_EXERCISE BRIEF_: Going through the material below, output exactly the lines from the one containing "2023 Lexus NX" through the one containing "Представитель Семейства Lepyrodontaceae", and no pictures.

_DATASET EXTRACT_:
━━━
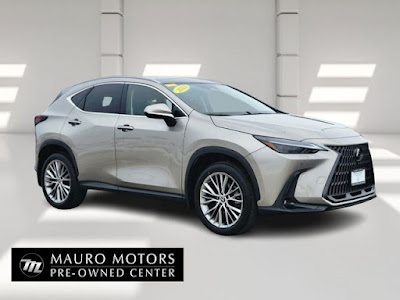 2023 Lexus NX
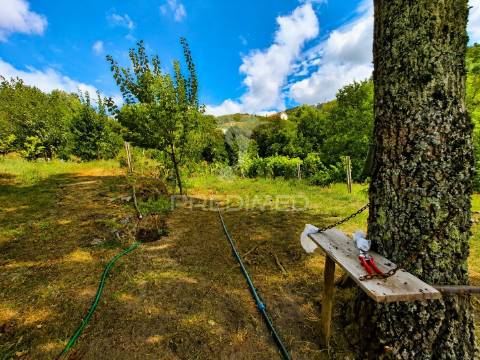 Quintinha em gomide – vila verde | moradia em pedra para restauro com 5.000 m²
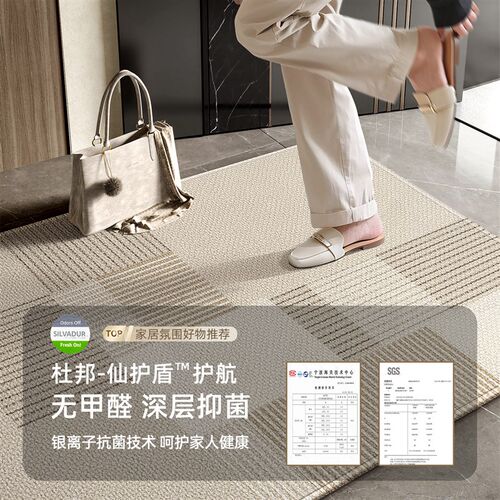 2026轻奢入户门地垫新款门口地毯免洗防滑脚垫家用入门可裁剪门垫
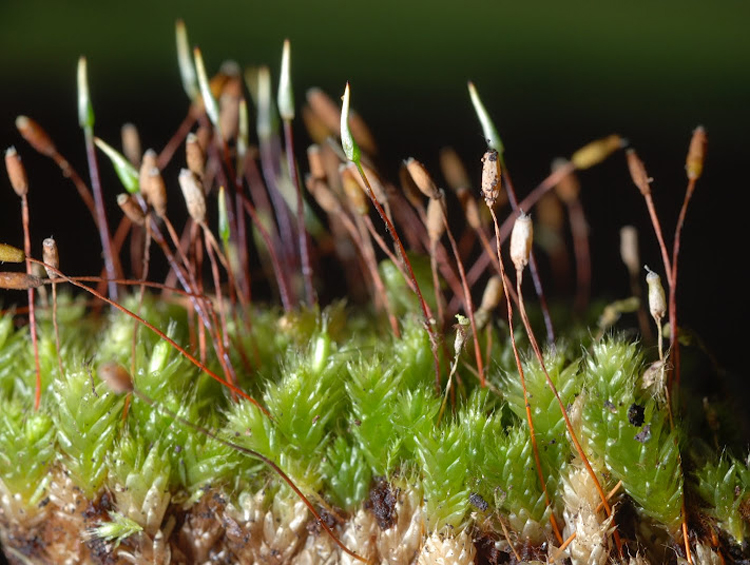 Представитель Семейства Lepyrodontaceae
━━━
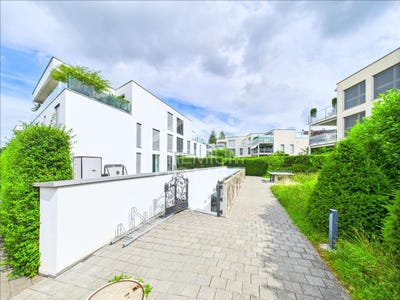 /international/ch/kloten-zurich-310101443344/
━━━
_PROBLEM SOLUTION_:
 2023 Lexus NX
 Quintinha em gomide – vila verde | moradia em pedra para restauro com 5.000 m²
 2026轻奢入户门地垫新款门口地毯免洗防滑脚垫家用入门可裁剪门垫
 Представитель Семейства Lepyrodontaceae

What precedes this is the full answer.